Re: Encoding issue, clues needed

From: George W Gerrity (g.gerrity@gwg-associates.com.au)
Date: Sun Dec 23 2007 - 19:40:13 CST

  • Next message: Jeroen Ruigrok van der Werven: "Re: Encoding issue, clues needed"

    On 2007-12-24, at 08:15, Jeroen Ruigrok van der Werven wrote:

    > On my FreeBSD system I am trying to track down an encoding issue
    > with ncurses
    > and Python. After having beating my head against it for the entire
    > day I
    > figured someone on this list would have a clue.
    >
    > Characters from the basic latin block are ok, but any multibye
    > character seems
    > to get mangled in one way or other.
    >
    > For example, a character such as 的 (U+7684) gets changed to U+fffd
    > ~Z ~D. In
    > general most characters get transformed to a U+fffd + ~.. + ~..
    > sequence.
    > Where .. is a Basic Latin printable character (apparently between U
    > +0040 -
    > U+007e).
    >
    > I am not seeing a, probably, very simple mangling.

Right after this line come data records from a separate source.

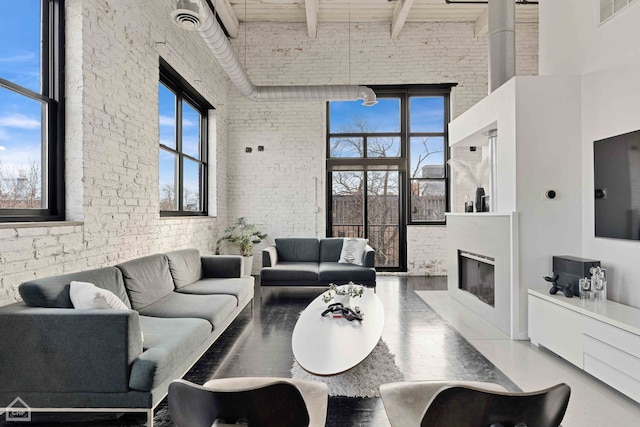 living room featuring brick wall, a high ceiling, and beamed ceiling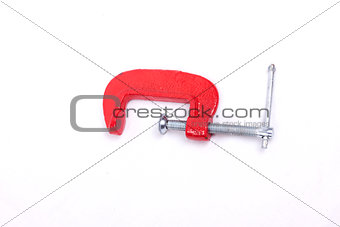 Red clamp on a white background
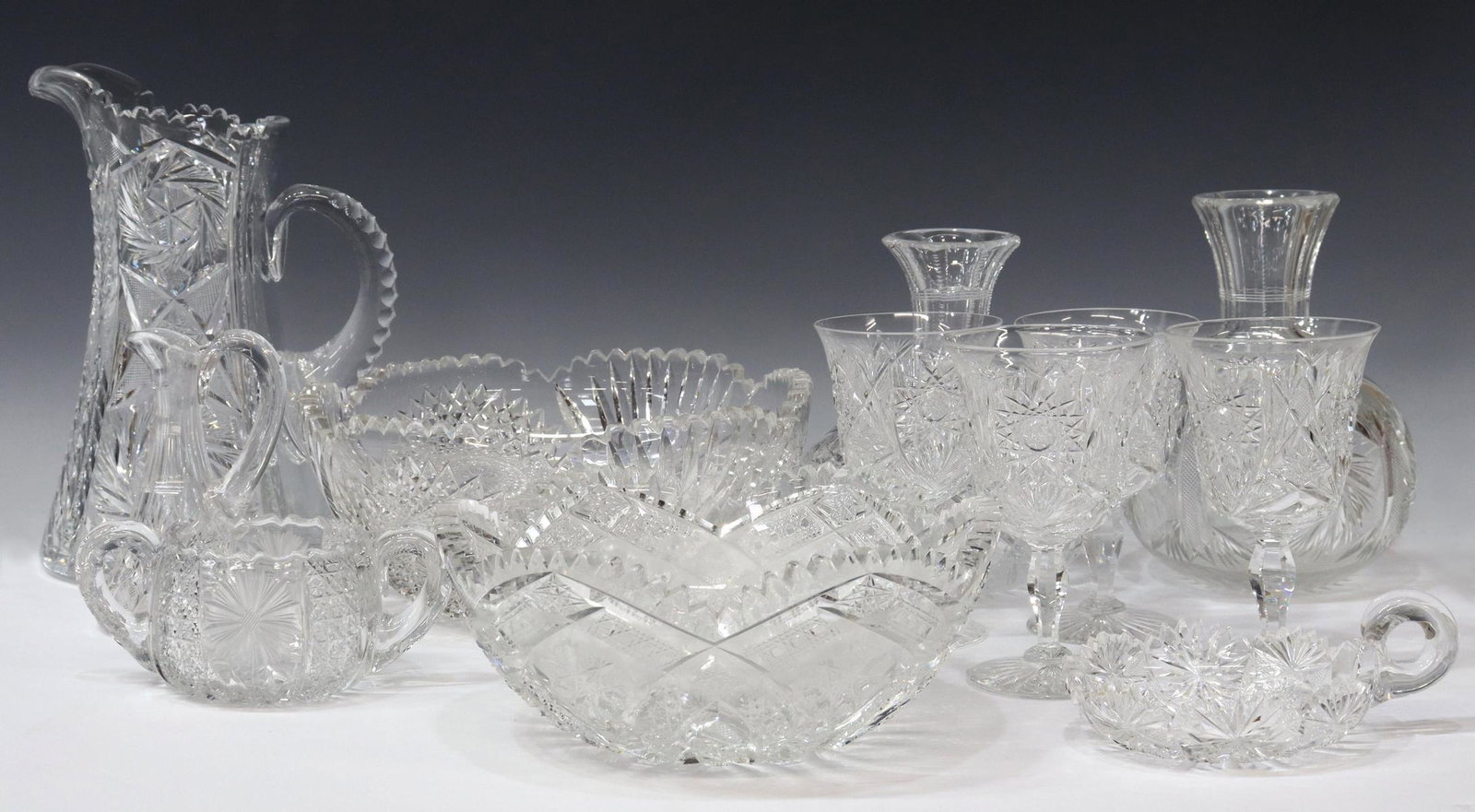 (12) AMERICAN BRILLIANT PERIOD CUT GLASS TABLEWARE: (lot of 12) American Brilliant Period and other cut glass tableware, in varied hobstar, fan, pinwheel, and diamond patterns, comprising: (4) wine stems; (2) carafes; (1) oil cruet; (1) open sugar bowl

Even having
    > written out
    > everything in bit and hex sequences did not show much of a system,
    > aside from
    > the last digit being preserved, e.g. U+7684 still has an 4 at the
    > end since D
    > is U+0044.
    >
    > Python uses UTF-16 (UCS-2) internally and my locale, to which
    > everything is
    > decoded, uses UTF-8.
    >
    > So to take the example, U+7684 would be e7.98.84 in UTF-8 and the
    > sequence I
    > got, aside from U+fffd, is 7e.5a.7e.44.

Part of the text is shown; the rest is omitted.